◆ **Task details**
Could you transcribe all of the data exactly and skip any pictures?

START Exercise materials

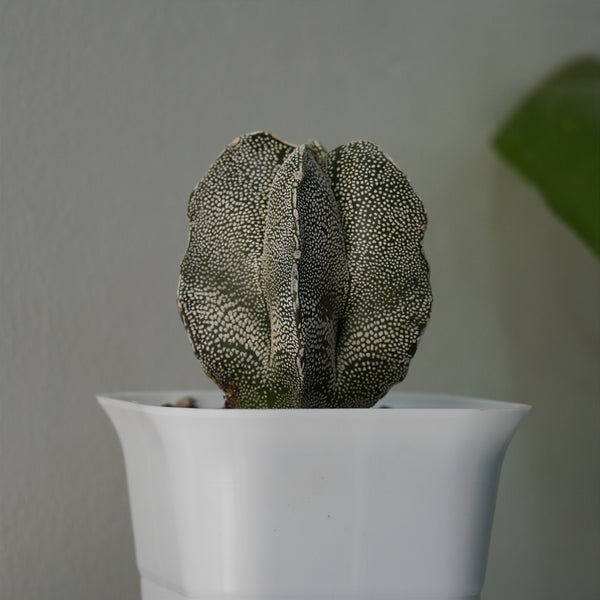 Astrophytum onzuka x sazanami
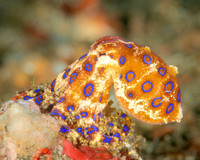 Blue-ringed Octopus, Indonesia
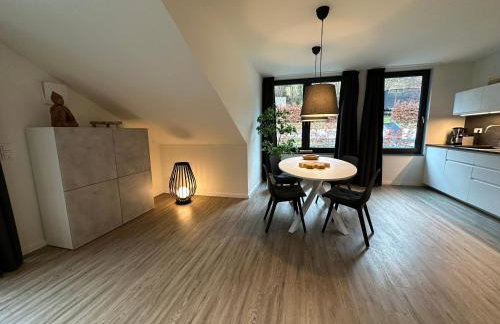 NEU - Villa Brachfeld - Penthouse und Ferienwohnung, Tor zum Nationalpark Eifel - Photo 39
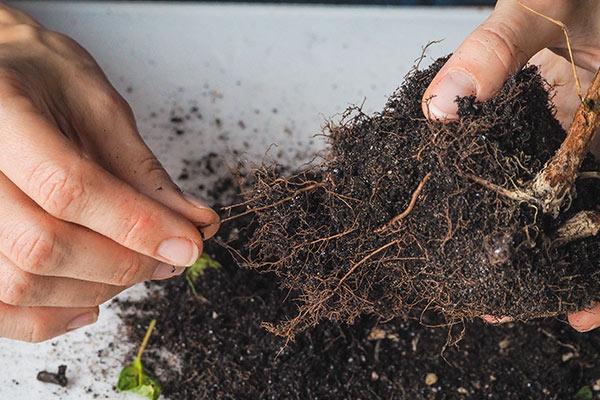 根腐れ病にかかった植物の根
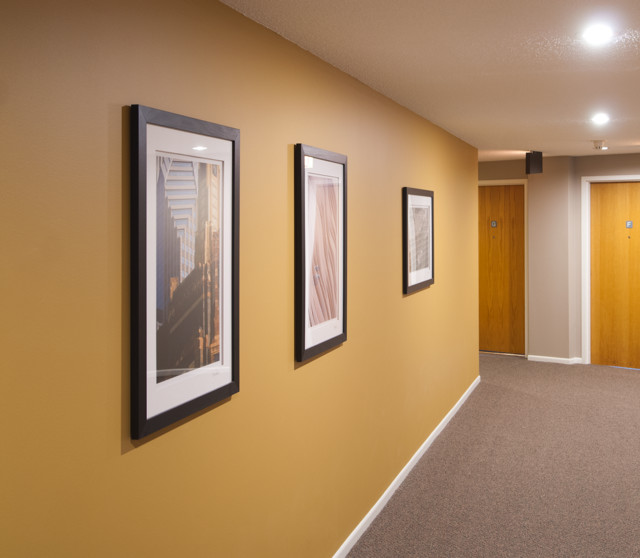 Benjamin Moore's Turmeric as the accent wall Contemporary Hall Chicago by Bon Brise
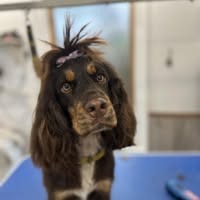 Muts Cuts Dog Groomers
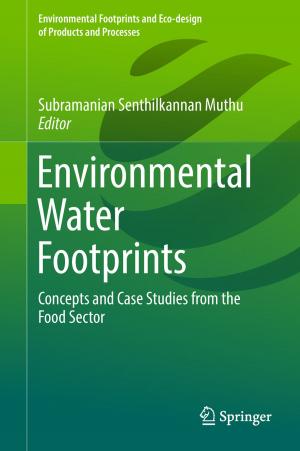 Cover of the book Environmental Water Footprints by Zujie Fang, Haiwen Cai, Gaoting Chen, Ronghui Qu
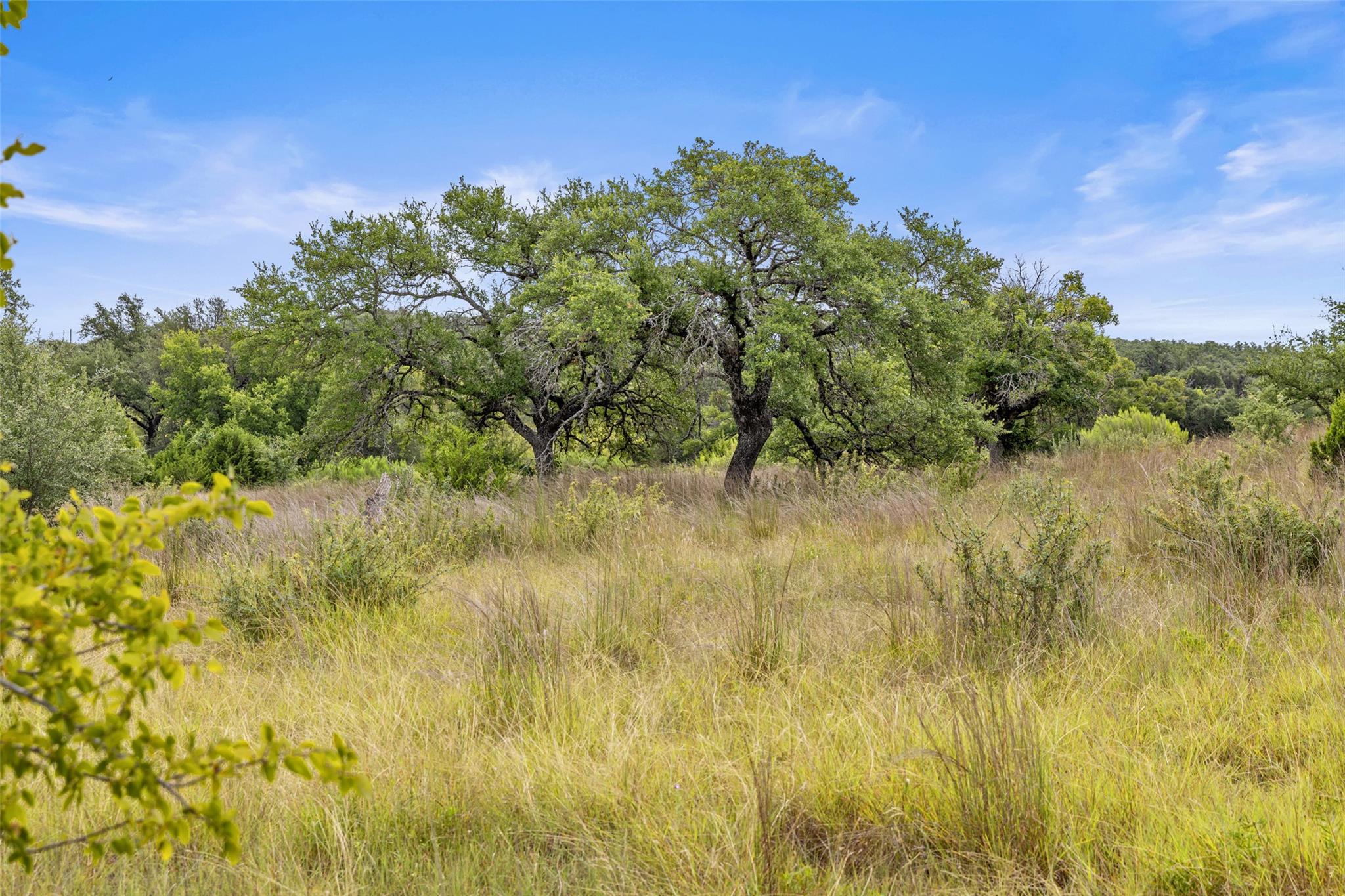 Image 12 of 40 For 1198 Walnut Springs Rd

END Exercise materials

◆ **Task solution**
 Astrophytum onzuka x sazanami
 Blue-ringed Octopus, Indonesia
 NEU - Villa Brachfeld - Penthouse und Ferienwohnung, Tor zum Nationalpark Eifel - Photo 39
 根腐れ病にかかった植物の根
 Benjamin Moore's Turmeric as the accent wall Contemporary Hall Chicago by Bon Brise
 Muts Cuts Dog Groomers
 Cover of the book Environmental Water Footprints by Zujie Fang, Haiwen Cai, Gaoting Chen, Ronghui Qu
 Image 12 of 40 For 1198 Walnut Springs Rd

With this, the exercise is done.